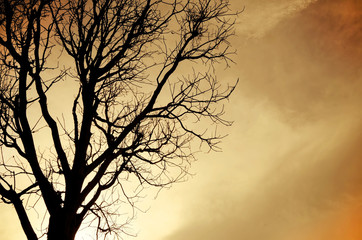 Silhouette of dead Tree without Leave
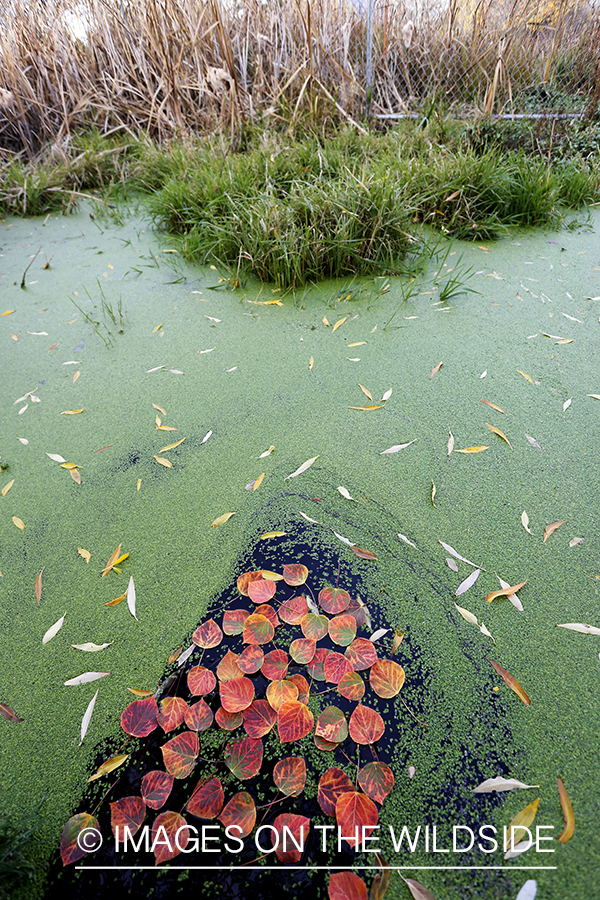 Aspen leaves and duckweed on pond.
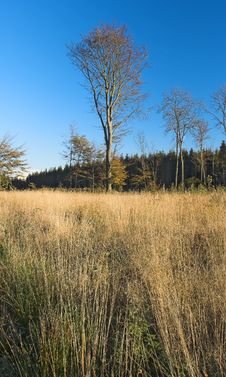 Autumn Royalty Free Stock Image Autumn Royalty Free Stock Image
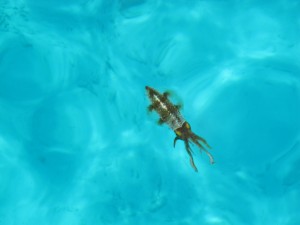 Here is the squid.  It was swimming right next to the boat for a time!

━━━━━━━━━━

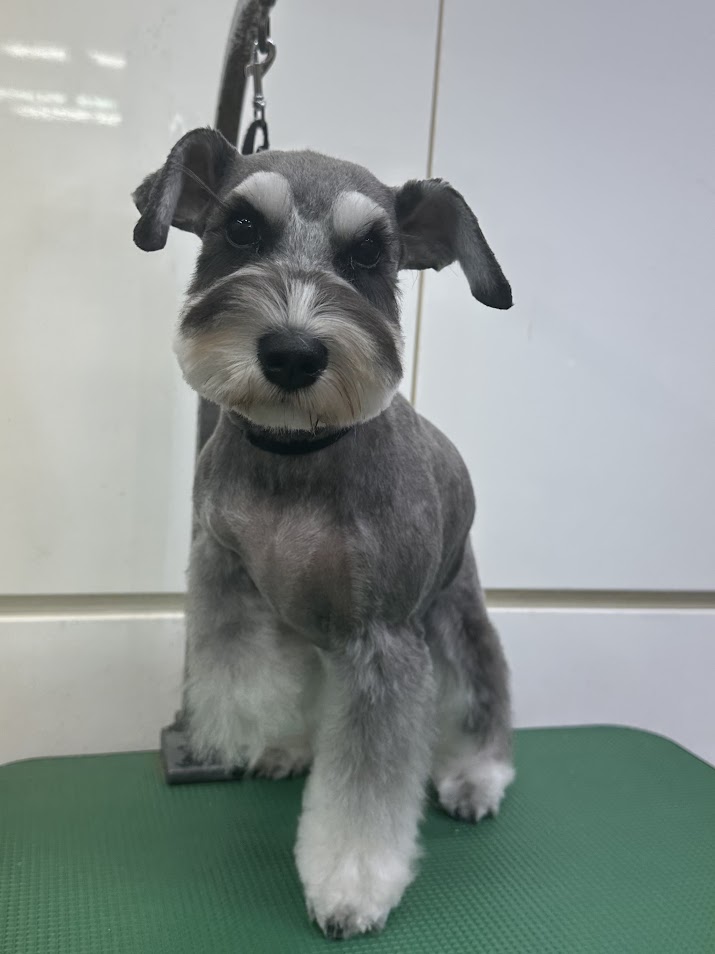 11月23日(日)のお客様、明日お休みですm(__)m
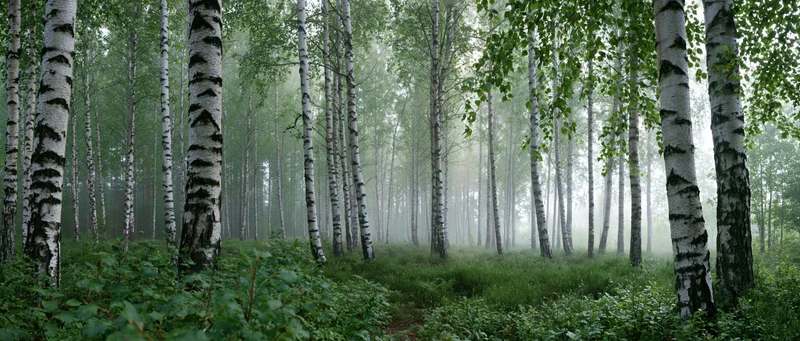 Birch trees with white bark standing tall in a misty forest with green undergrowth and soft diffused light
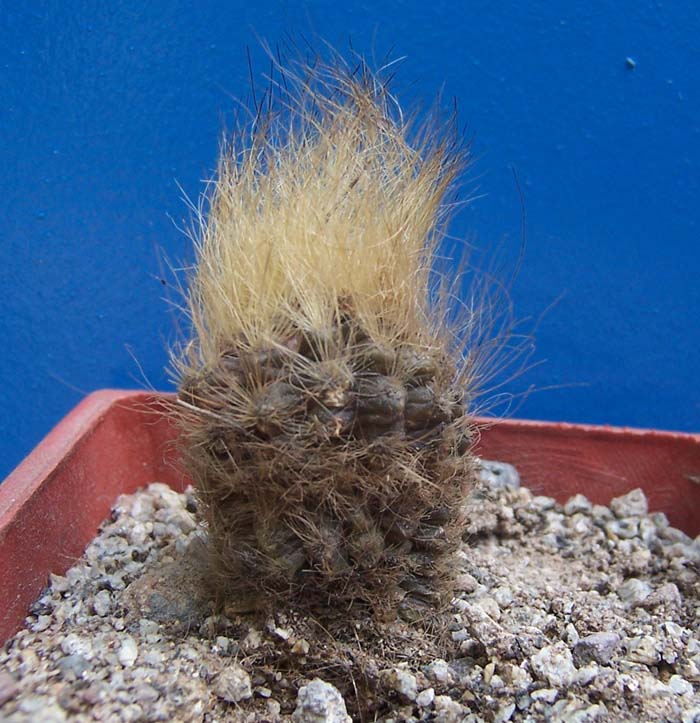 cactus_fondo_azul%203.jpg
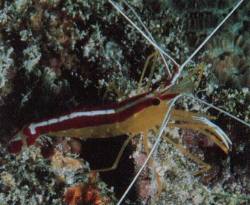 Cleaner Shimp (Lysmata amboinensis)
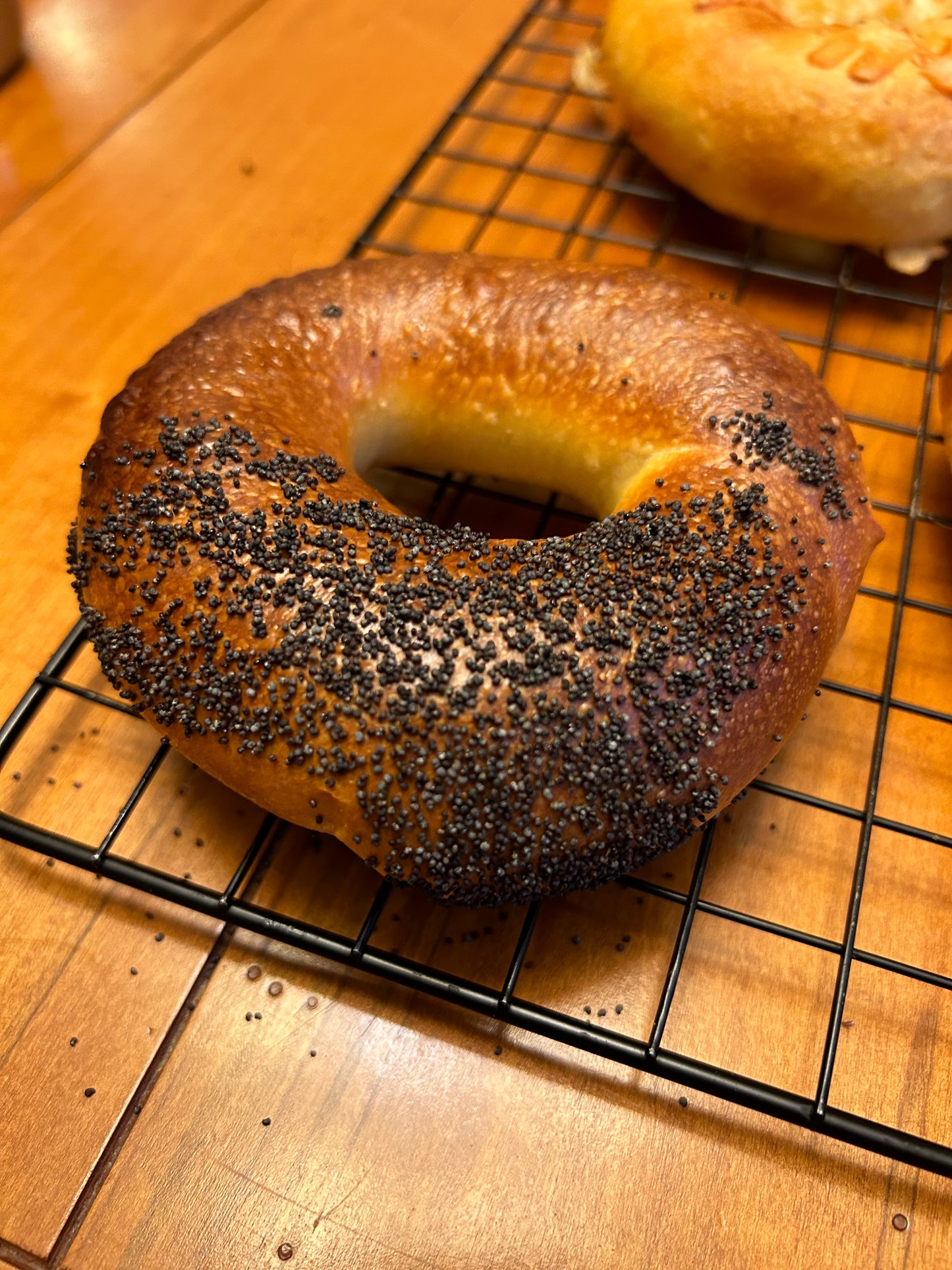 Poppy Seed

━━━━━━━━━━

# What you should do
The reply should hold the entries above from the line with "Autumn Royalty Free Stock Image Autumn" to the line with "Here is the", duplicated exactly, pictures excluded.

# Answer space
 Autumn Royalty Free Stock Image Autumn Royalty Free Stock Image
 Here is the squid.  It was swimming right next to the boat for a time!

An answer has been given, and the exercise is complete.